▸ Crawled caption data
>>>
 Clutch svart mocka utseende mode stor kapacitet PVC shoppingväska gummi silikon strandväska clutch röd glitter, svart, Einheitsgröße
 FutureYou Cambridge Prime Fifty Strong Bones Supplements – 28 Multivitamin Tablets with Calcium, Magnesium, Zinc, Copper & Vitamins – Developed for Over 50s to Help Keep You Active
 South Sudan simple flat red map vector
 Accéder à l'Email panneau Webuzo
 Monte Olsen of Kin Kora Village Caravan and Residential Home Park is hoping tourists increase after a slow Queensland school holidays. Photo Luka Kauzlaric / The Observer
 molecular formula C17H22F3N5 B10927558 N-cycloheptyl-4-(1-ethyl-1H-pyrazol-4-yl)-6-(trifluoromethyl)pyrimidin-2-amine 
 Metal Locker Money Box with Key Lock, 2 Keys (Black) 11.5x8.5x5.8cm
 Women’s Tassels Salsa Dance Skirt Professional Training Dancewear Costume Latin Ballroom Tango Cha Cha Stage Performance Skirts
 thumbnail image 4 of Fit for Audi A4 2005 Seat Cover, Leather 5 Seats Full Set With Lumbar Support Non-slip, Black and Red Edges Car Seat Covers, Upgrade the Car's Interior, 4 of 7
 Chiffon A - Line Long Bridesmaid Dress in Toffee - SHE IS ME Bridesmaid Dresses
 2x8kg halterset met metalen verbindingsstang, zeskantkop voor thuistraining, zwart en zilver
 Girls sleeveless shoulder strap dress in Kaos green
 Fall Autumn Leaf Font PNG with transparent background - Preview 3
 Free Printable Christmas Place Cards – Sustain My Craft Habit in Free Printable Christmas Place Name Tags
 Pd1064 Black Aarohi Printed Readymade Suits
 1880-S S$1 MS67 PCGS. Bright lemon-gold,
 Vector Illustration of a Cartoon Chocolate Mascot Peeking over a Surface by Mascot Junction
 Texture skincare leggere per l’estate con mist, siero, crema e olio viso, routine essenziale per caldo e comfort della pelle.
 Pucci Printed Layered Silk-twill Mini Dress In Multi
<<<
▸ Requirement
Copy every line of the data above, beginning with the first and ending with the line that contains "Free Printable Christmas Place Cards", and give nothing more.

▸ Answer space
 Clutch svart mocka utseende mode stor kapacitet PVC shoppingväska gummi silikon strandväska clutch röd glitter, svart, Einheitsgröße
 FutureYou Cambridge Prime Fifty Strong Bones Supplements – 28 Multivitamin Tablets with Calcium, Magnesium, Zinc, Copper & Vitamins – Developed for Over 50s to Help Keep You Active
 South Sudan simple flat red map vector
 Accéder à l'Email panneau Webuzo
 Monte Olsen of Kin Kora Village Caravan and Residential Home Park is hoping tourists increase after a slow Queensland school holidays. Photo Luka Kauzlaric / The Observer
 molecular formula C17H22F3N5 B10927558 N-cycloheptyl-4-(1-ethyl-1H-pyrazol-4-yl)-6-(trifluoromethyl)pyrimidin-2-amine 
 Metal Locker Money Box with Key Lock, 2 Keys (Black) 11.5x8.5x5.8cm
 Women’s Tassels Salsa Dance Skirt Professional Training Dancewear Costume Latin Ballroom Tango Cha Cha Stage Performance Skirts
 thumbnail image 4 of Fit for Audi A4 2005 Seat Cover, Leather 5 Seats Full Set With Lumbar Support Non-slip, Black and Red Edges Car Seat Covers, Upgrade the Car's Interior, 4 of 7
 Chiffon A - Line Long Bridesmaid Dress in Toffee - SHE IS ME Bridesmaid Dresses
 2x8kg halterset met metalen verbindingsstang, zeskantkop voor thuistraining, zwart en zilver
 Girls sleeveless shoulder strap dress in Kaos green
 Fall Autumn Leaf Font PNG with transparent background - Preview 3
 Free Printable Christmas Place Cards – Sustain My Craft Habit in Free Printable Christmas Place Name Tags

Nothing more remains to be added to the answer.